Here is a diagram of how the backend of Mapumental works. Take it in the spirit that Chris Lightfoot set when he made a similar diagram for the No. 10 petitions site – although many such diagrams are useless, hopefully this one contains useful information.
(Click on the diagram for a large version)
Below, I’ve explained what the main components are, and some interesting things about them.
Everything can, at least in theory, run on lots of servers. Currently we are only actually using one server for web requests, because of problems with HAProxy. We’re runnning isodaemons on two different servers.
Basic web application – it started out as raw Python, but the more Matthew hacks on it the more Django libraries he pulls in. Soon it’ll be indistinguishable from a Django app. When someone enters a new postcode, it adds it to the work queue in the PostgreSQL database, then refreshes waiting for the job to be finished. Then it displays the flash application (made by Stamen), set up to load the appropriate tile layers.
Tile server and cache – This uses the Python-based TileCache, calling Geospatial Data Abstraction Library (GDAL) to help render the tiles from points.

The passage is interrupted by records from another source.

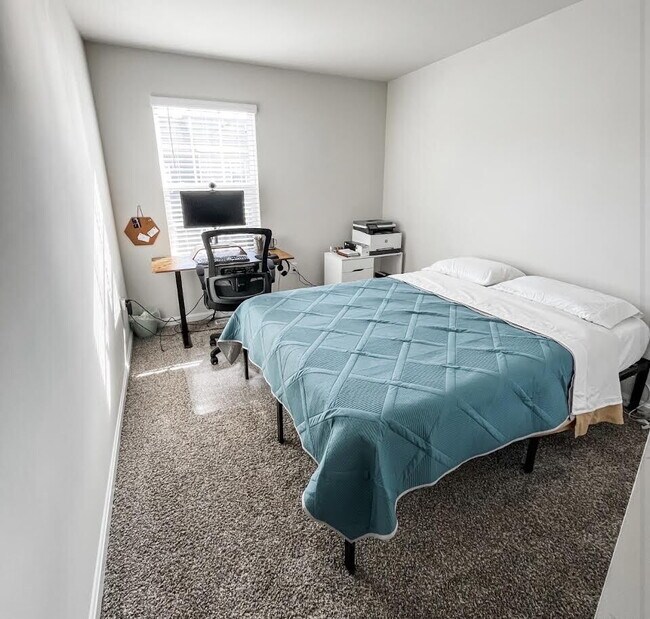 Building Photo - Free Application Fee — Refunded Upon Approval Through August 31! Modern 3BR/3BA Townhome with Gar...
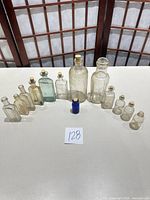 All 13 bottles in semicircle showing colors, corks, sizes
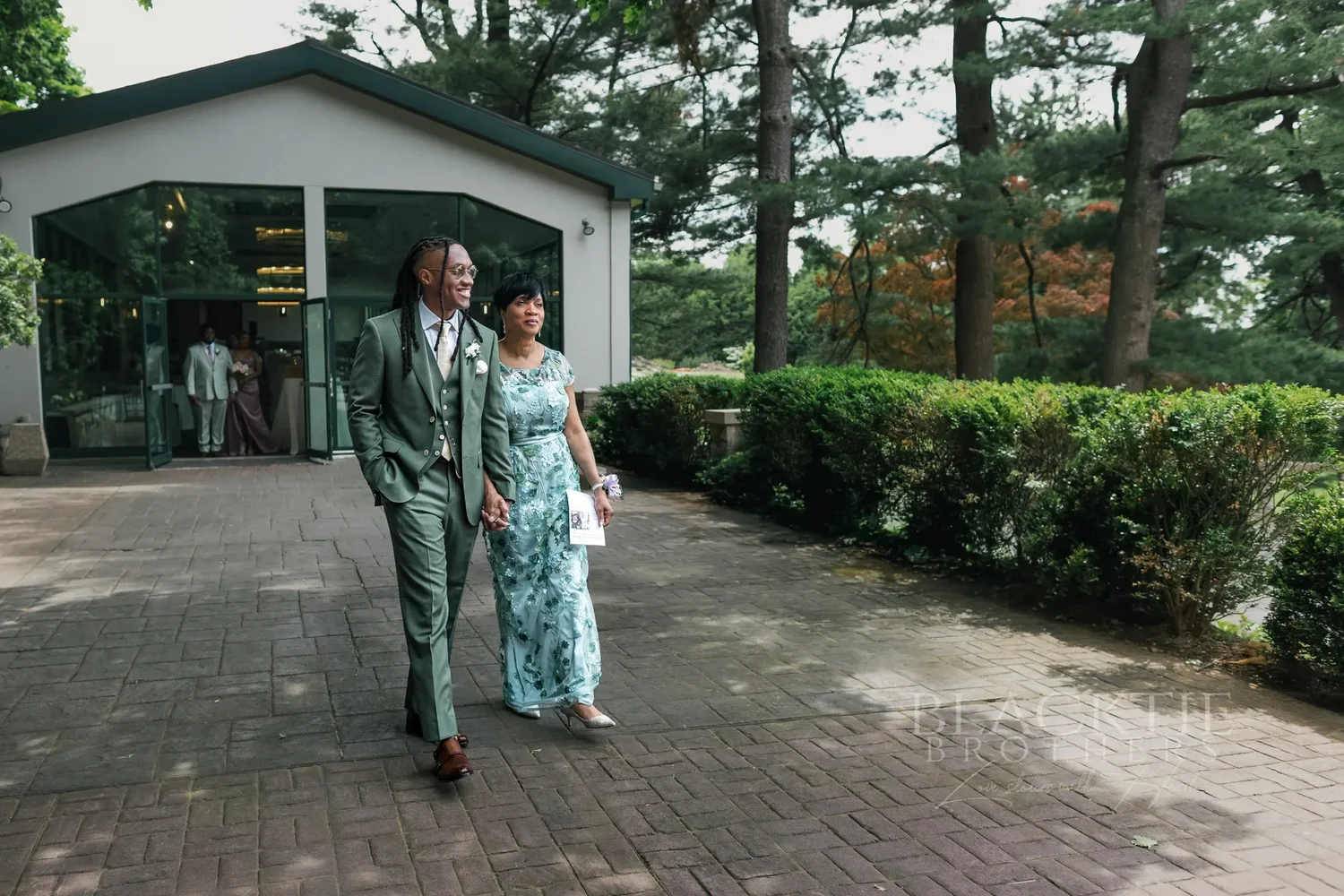 The groom walking across the terrace toward the ceremony beside a woman in a pale green dress, a white glass-walled building behind them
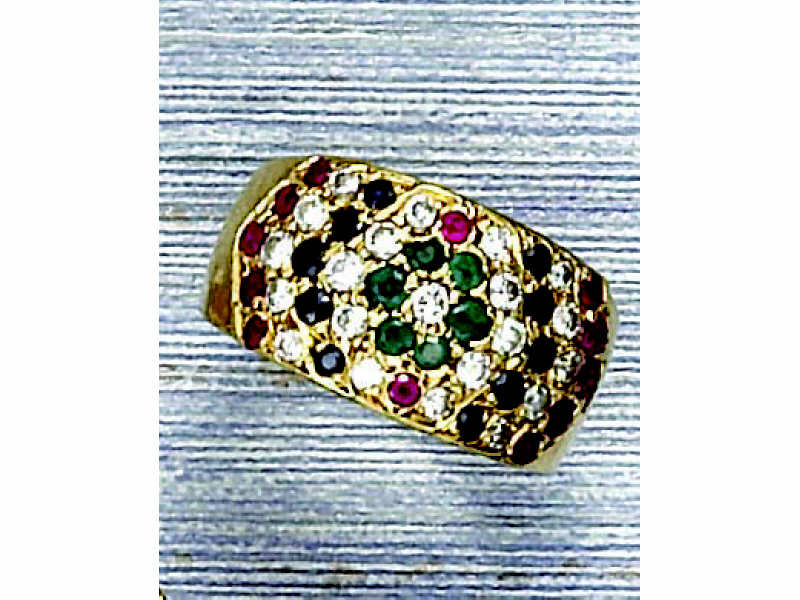 Appraisal: GEMSTONE RING k yellow gold lady's ring set with twenty-one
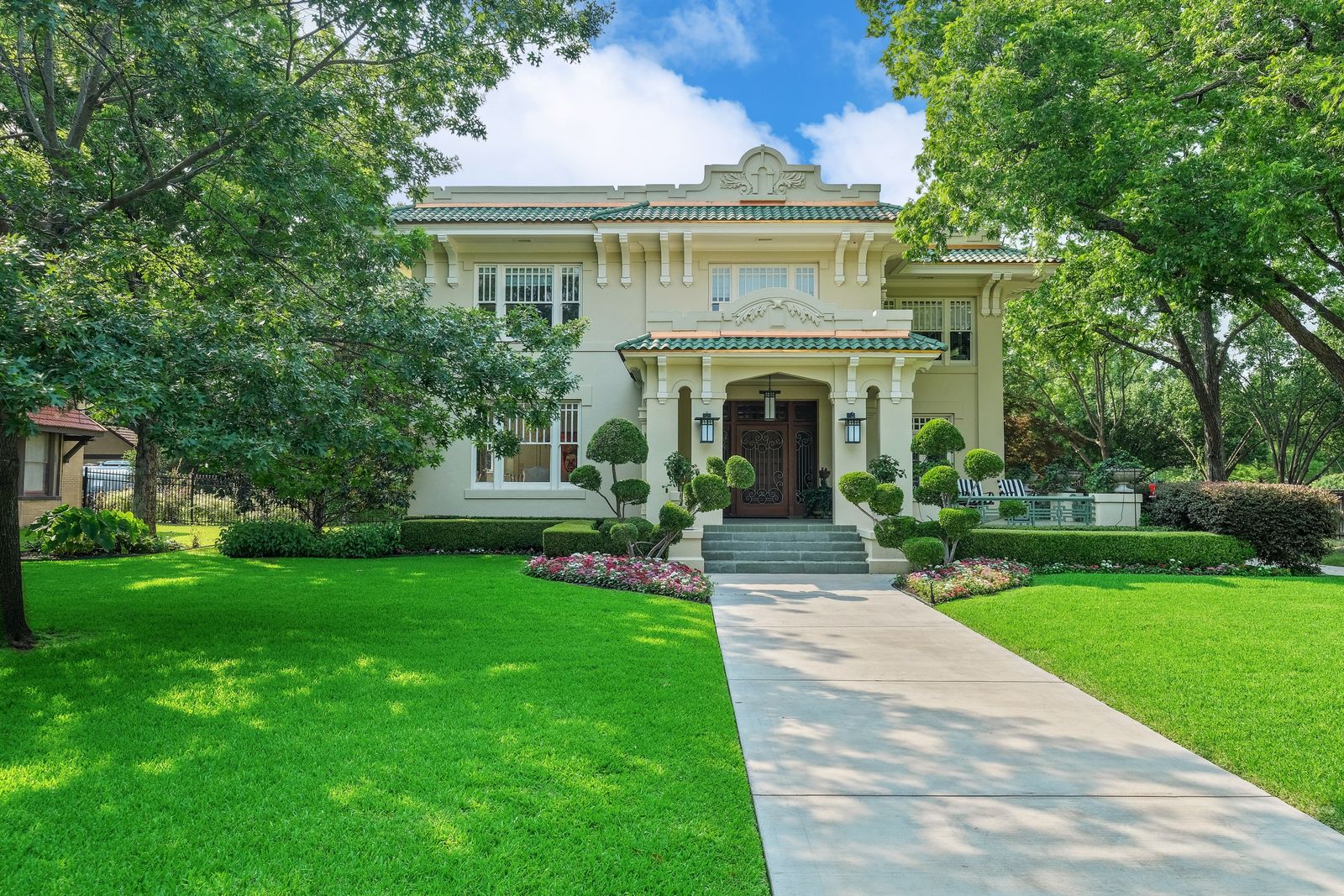 A large historic house with a columned entry and a walkway across a green lawn under mature trees.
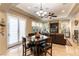 Open concept living room with built in entertainment center, fire place and tile flooring at 1013 Baronet Dr, Las Vegas, NV 89138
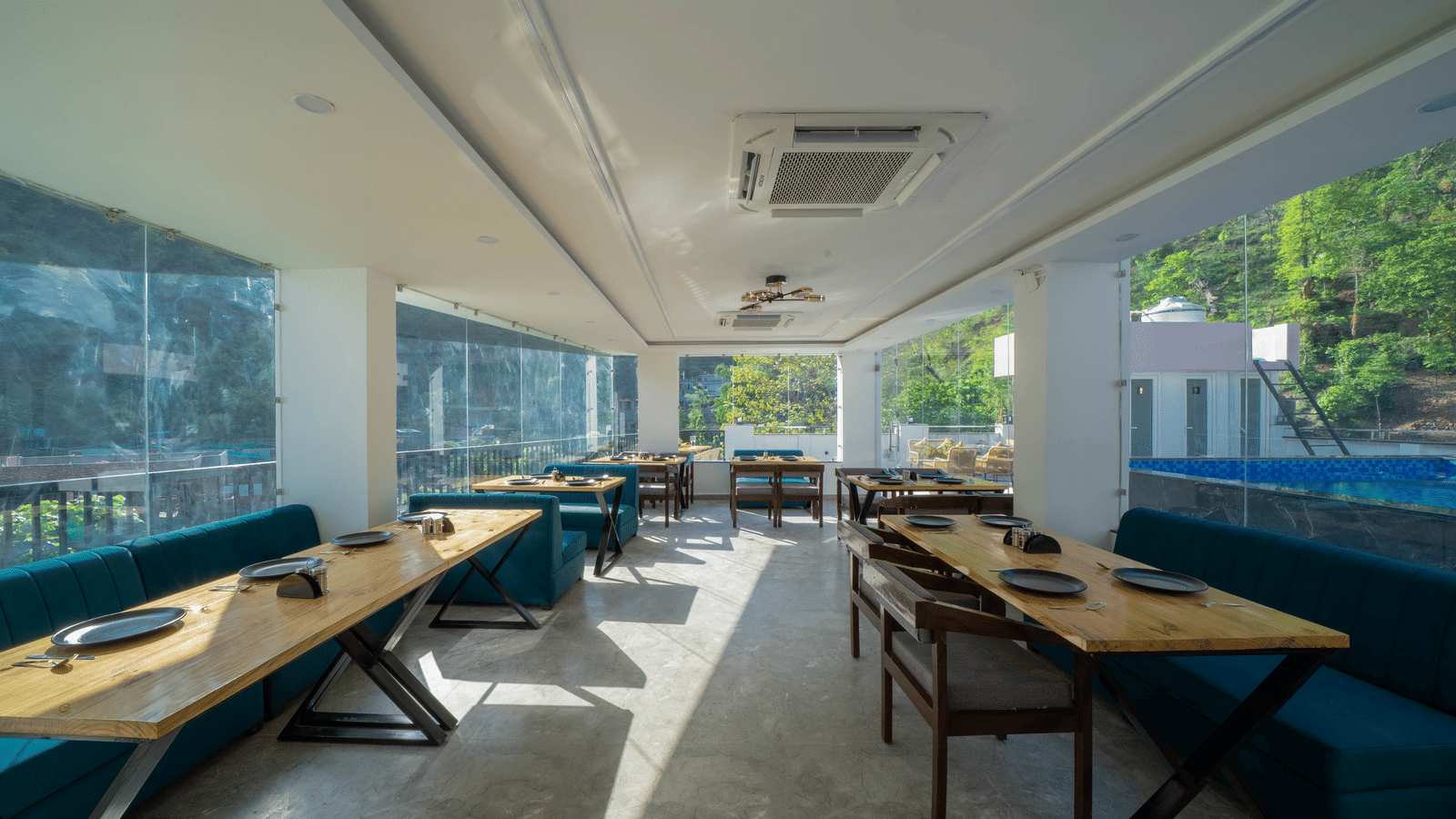 A dining area with tables, benches with cushions, a ceiling-mounted air-conditioning unit, and windows looking out to trees in Perfectstayz Premium Mystic Falls, Rishikesh.
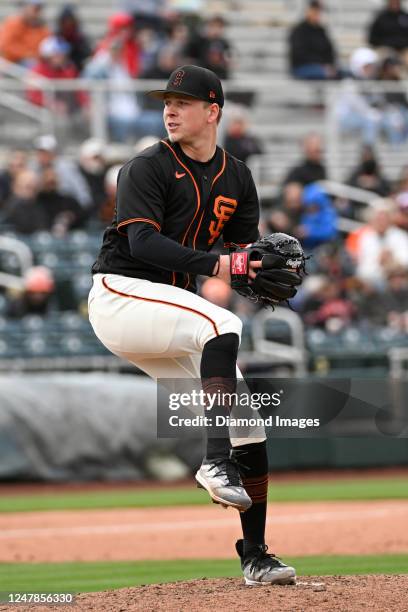 Kyle Harrison of the San Francisco Giants throws a pitch during the sixth inning of a spring training game against the Arizona Diamondbacks at...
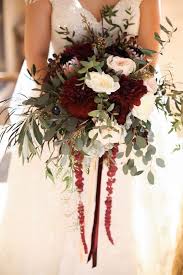 A Bright And Textural Winter Wedding Bouquet With Burgundy Blush And White Flowers And Lots Winter Wedding Bouquet Blush Bouquet Wedding Fall Wedding Bouquets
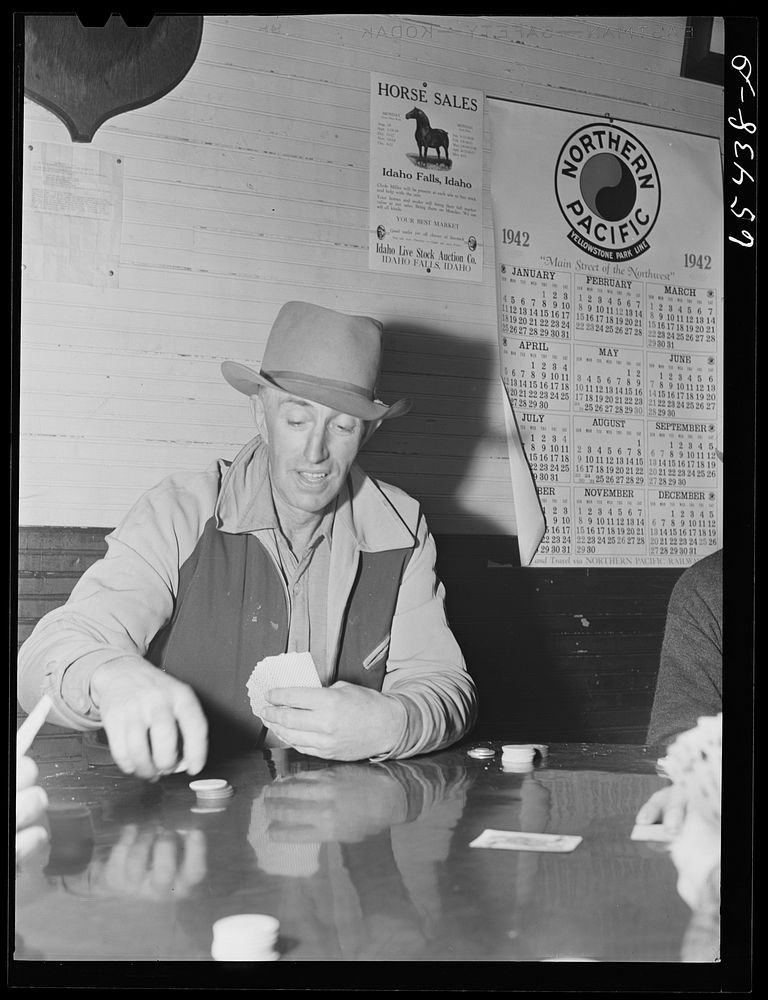 Wisdom, Montana. Walt Stewart in card game on Saturday afternoon. Mr. Stewart is a rancher who owns about 500 head of…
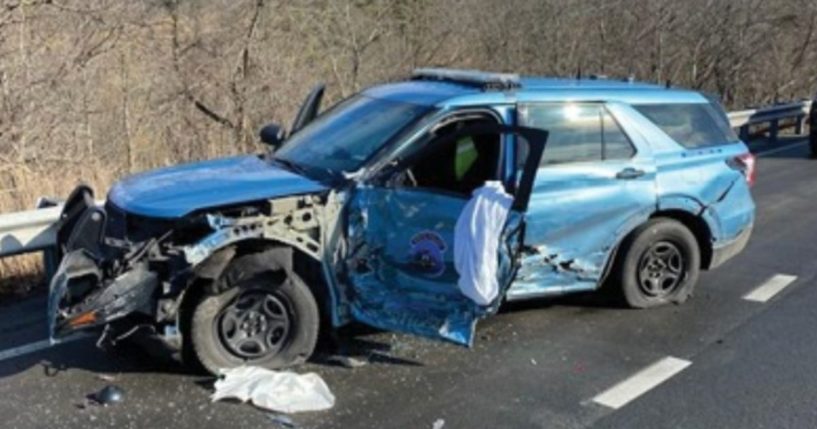 On March 16, a police car was crushed by a passing tractor-trailer drifting into the lane. The tractor-trailer then went into another lane, hitting a family vehicle and pinning it.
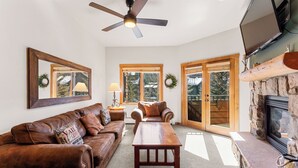 A living room with a brown leather sofa, a wooden coffee table, a fireplace, and a ceiling fan. - Short Walk to Lifts, Shops, and Dining! Private Balcony with Slope Views (Keystone)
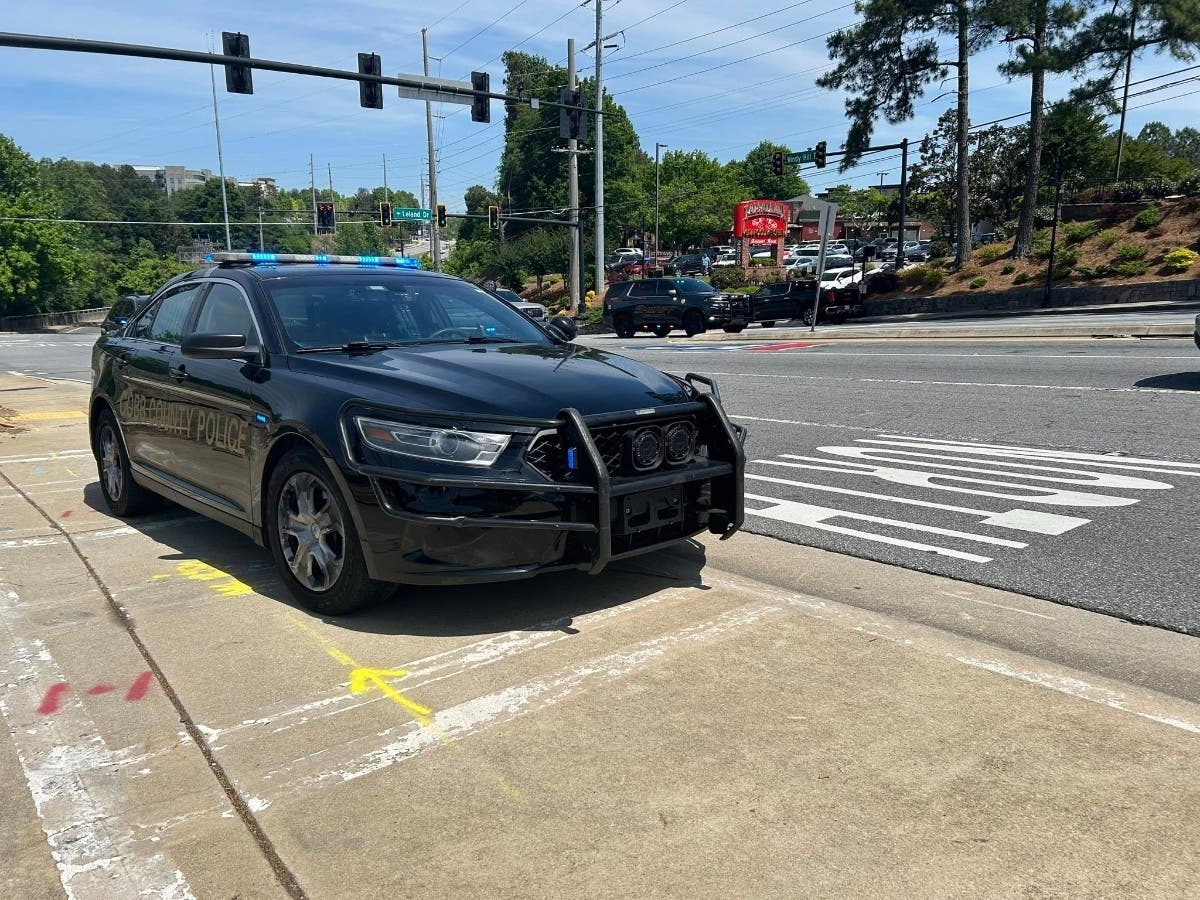 Cobb County Police are searching for a suspect accused of pointing a gun at an officer around 1 p.m. Tuesday in the area of Leland Drive and Windy Hill Road.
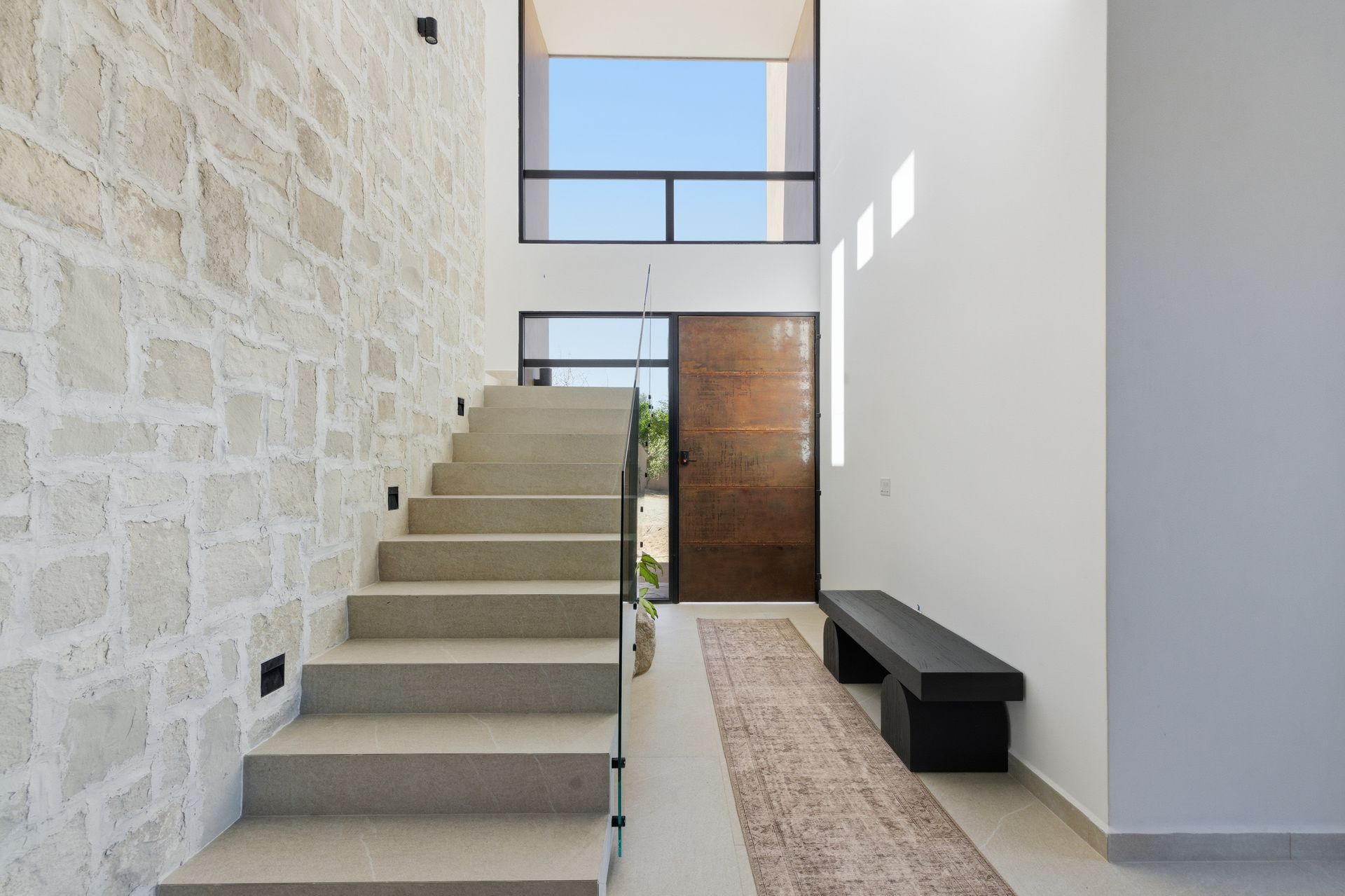 A bright entryway featuring a stone wall, a floating concrete staircase, a dark wood front door, and a black bench.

It was originally written by Stamen, and expanded by mySociety. GDAL isn’t perfect, it doesn’t have fancy enough algorithms for my liking. e.g. Using a median rather than a weighted mean.
Isodaemons – These are controlled by a Python script, but the bulk of the code is custom written in C++. Slightly crazily, this can find the quickest route by public transport for each of 300,000 journeys from every station in the UK to a particular station, arriving at a particular time, in 10 to 30 seconds.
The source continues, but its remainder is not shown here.